R.W. : Je pense que les meilleurs (et les plus militants) dirigeant-e-s syndicaux soutiennent le NSSN, ou au moins reconnaissent le rôle positif que nous jouons, alors que les plus conservateurs se méfient car ils savent que la NSSN sait moduler l’humeur des activistes. Le Parti Socialiste pense que les syndicats peuvent être transformés. Nous avons montré au PCS et à NIPSA qu’à travers les bonnes approches et idées, même les syndicats de droite peuvent devenir des organisations combatives. Nous avons aussi des membres sur l’exécutif national de plusieurs syndicats. Certaines tiennent des positions de direction ; à Unison par exemple, nous dirigeons l’opposition de gauche. Mais il n’y a pas de contradiction entre le fait de militer pour la transformation des syndicats et construire des organisations de la base à travers le mouvement ouvrier.
A.S. : Quels conseils donnez-vous aux militant-e-s québécois-e-s qui veulent créer ce type d’organisation au Québec ?

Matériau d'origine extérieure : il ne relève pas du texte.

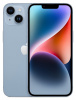 Смартфон Apple iPhone 14 128 ГБ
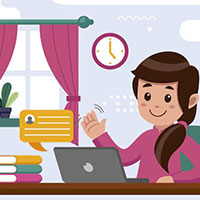 Giáo án Mĩ thuật 7 Bài 8: Tranh tĩnh vật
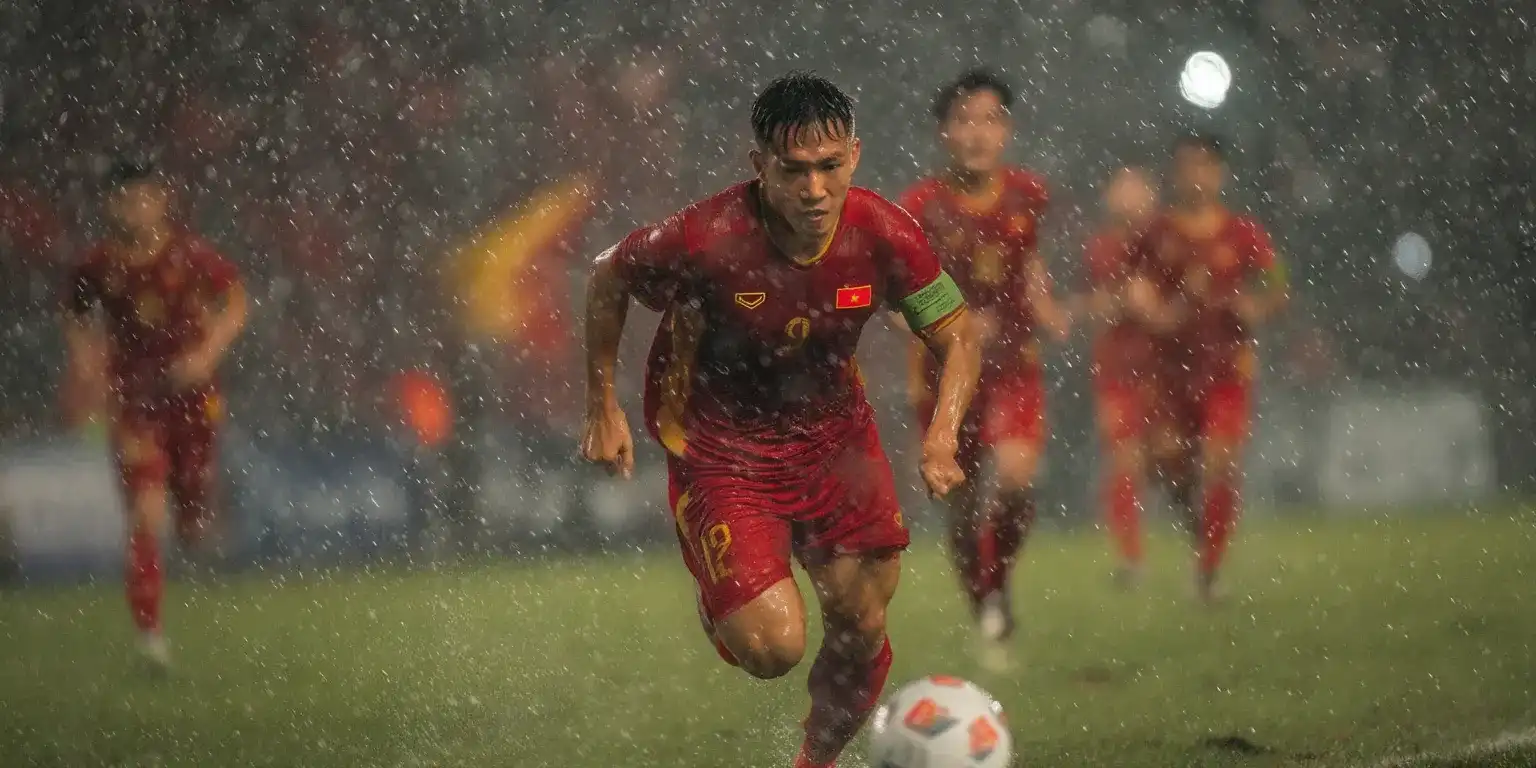 Memahami Permainan: Panduan Lengkap untuk Penggemar Permainan (2026/06/24)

R.W. : Allez-y, faites-le ! Nous sommes optimistes par rapport à la NSSN mais aussi très modestes. Ce n’est qu’un début, mais il faut bien commencer quelque part et je donnerais également ce conseil aux militants et militantes au Québec. Organisez une réunion des militant-e-s syndicaux que vous connaissez et voyez s’il y a un appétit pour une telle organisation. Nous ne nous sommes jamais préoccupés des noms et des étiquettes. Le plus important, c’est ce qui est fait. Mais la NSSN est heureuse d’aider et de donner conseil. Bonne chance, camarades !
La deuxième rencontre aura lieu le 29 septembre à l’UQAM. N’hésitez pas à prendre contact avec nous pour connaître le lieu de la rencontre. Pour nous joindre : info@alternativesocialiste.org .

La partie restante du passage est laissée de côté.